Hello is ubiquitous and has become a common greeting in many countries in the world. Even in Germany, it’s become an excepted greeting when meeting another person. However, the more traditional greetings are still expected when meeting someone for the first time or when entering a small place of business or a restaurant. It was not, however, used as greeting during the Regency. I researched all of Jane Austen’s books, did a search on Google Advanced Book Search and found no reference to it at all. Then looked it up in the Oxford English Dictionary OED).
According to the OED, hello as a term to get someone’s attention or register surprise has been used since around the 1820’s in North America. There are no British references.
Hello as a greeting was first recorded in the US in the US Yankee Clipper in 1853.

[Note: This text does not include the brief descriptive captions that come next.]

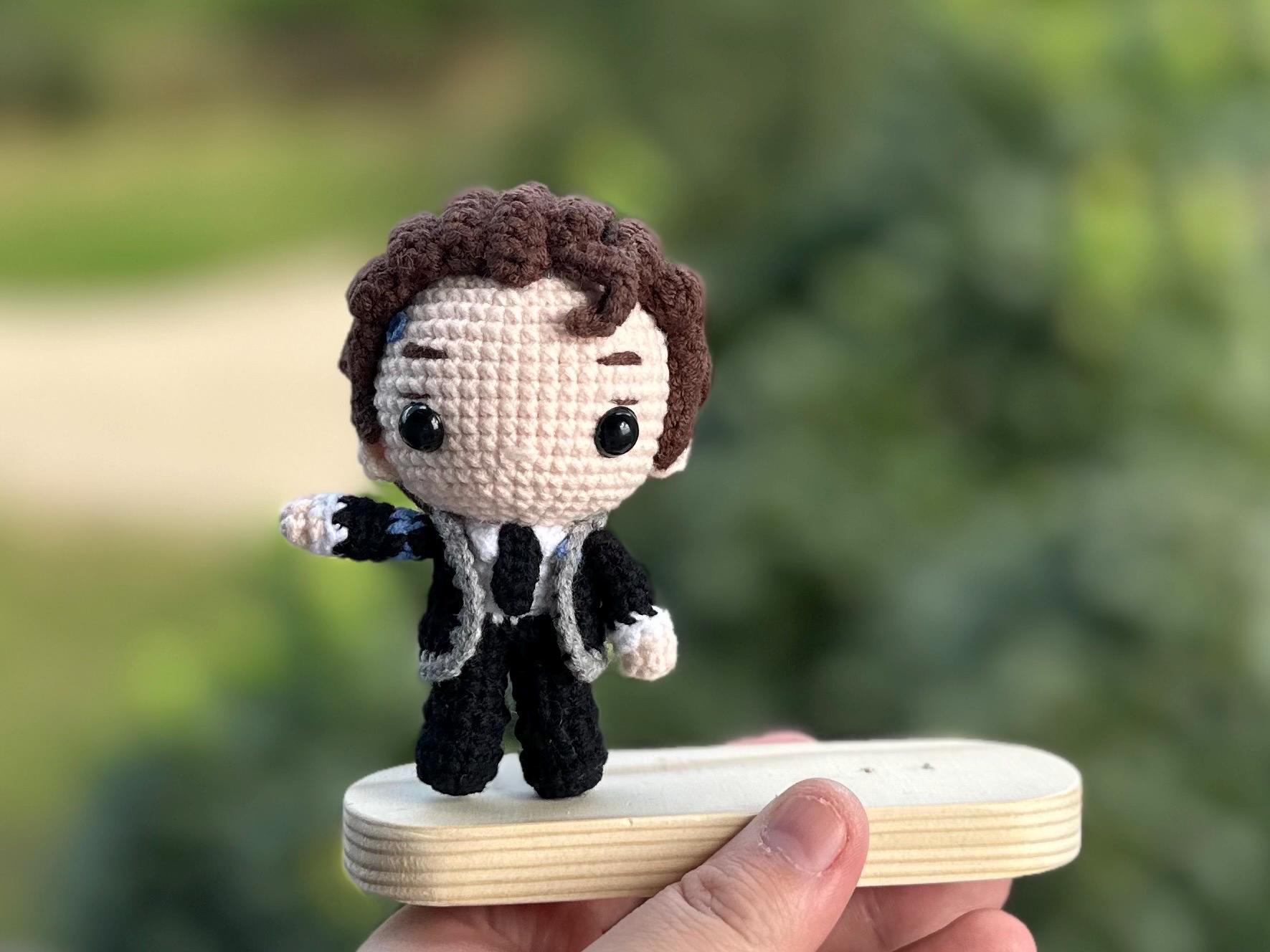 手作りかぎ針編みのデトロイト：ビカム・ヒューマンのぬいぐるみ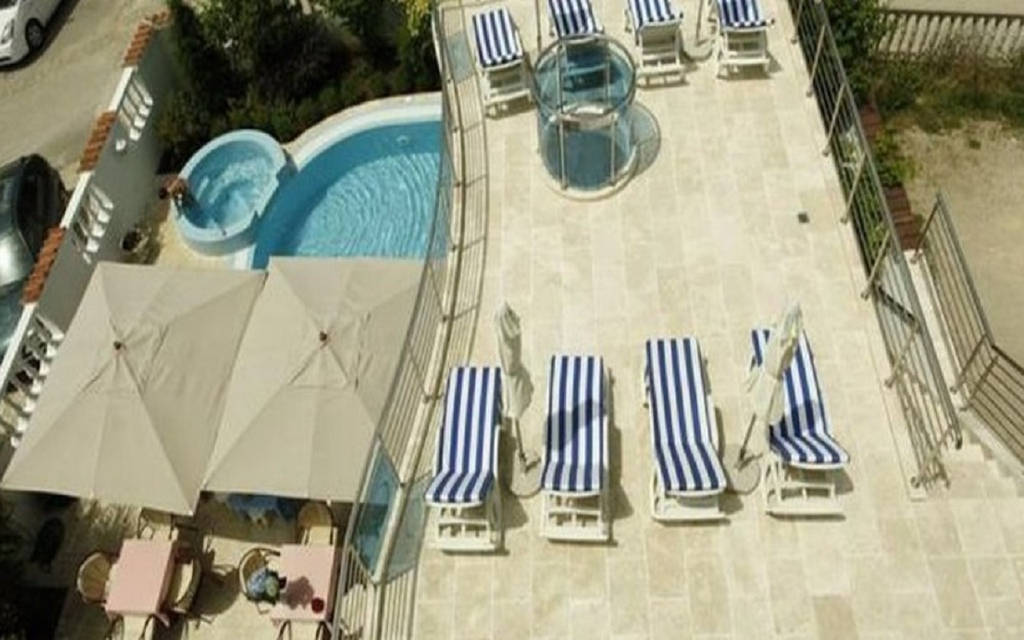 Apartments Perovic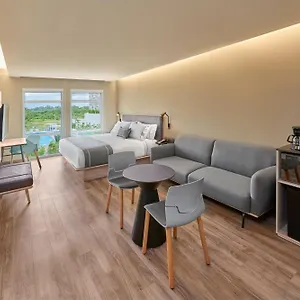 **** Hotel Express By Marriott Aeropuerto Riviera Mexico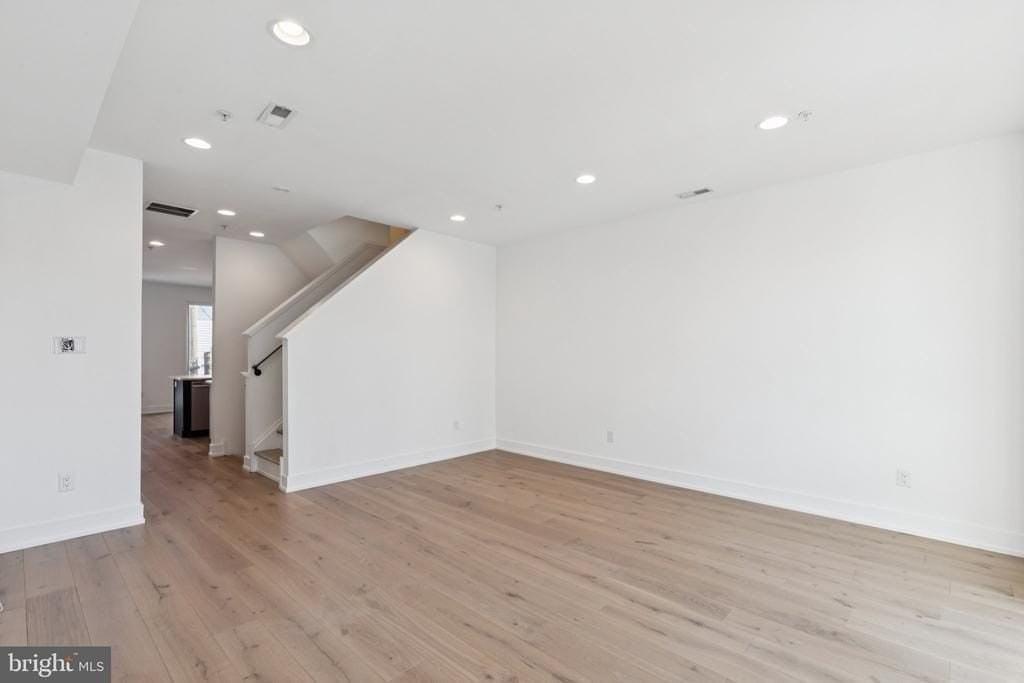 2820 Livingston St - Photo 5 of 28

It does not appear to have been in common use in Britain until around the 1920’s. The first recorded usage was by P. G. Wodehouse’s Money for Nothing iv. 76 ‘Hello, sweetie-pie,’ said Miss Molloy in 1928. Wodehouse, as some of you might know, was a widely read contemporary English writer. We generally believe that spoken usage preceded written usage by about ten years. That still does not take us back to the Regency.
So what did they say? They would have used the greetings we all used before “hello” wiggled it’s way into almost universal parlance. Good morning, good afternoon, good day, good evening. When meeting by chance, “well met” is fine.
Let me know what other greetings you think of.